Transilvania identitară a secolelor xv- xvi

The question of identity of Transylvania in the fifteenth-sixteenth centuries

Autor: Octavian Tătar

 

This study is analyses and presents those social mechanisms and the features of the inner-Carpathian human and geographical space called nowadays Transylvania which have impressed the conscience of its inhabitants and that of the European scholars in the fifteenth-sixteenth centuries as something distinct, possessing a certain specificity.

A first identity element was the name of this province. The official and general name of the province was Transsylvania, a name created in the medieval Hungarian chancellery. Among the inhabitants of Transylvania in the fifteenth-sixteenth centuries, Magyars used Erdély, speakers of Saxon dialect used Siebenbürgen, while Romanian speakers emloyed Ardeal. In the cultivated circles of the Saxons was also used the term Septem castra.

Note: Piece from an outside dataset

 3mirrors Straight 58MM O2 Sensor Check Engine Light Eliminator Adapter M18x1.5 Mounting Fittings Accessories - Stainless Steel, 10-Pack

A second identity element was represented by the separate political-administrative status of the province within the Hungarian kindom (up to 1541), which was characterized by two main elements: „the regime of local autonomies” and the existence of „administrative regions” corresponding to these autonomies (the Saxon area, the Szekler area, and the area of the counties).

The existence of several religious allegiances mostly after mid-sixeenth century, the multiethnic character and the rich natural resources, the notion of „the country of the four peoples”, represented further characteristic of the Transylvania’s identity in that age. Transylvania entered in the European conscience of that age with these main features whose content was strongly influenced by the subjectivity of the contemporaries.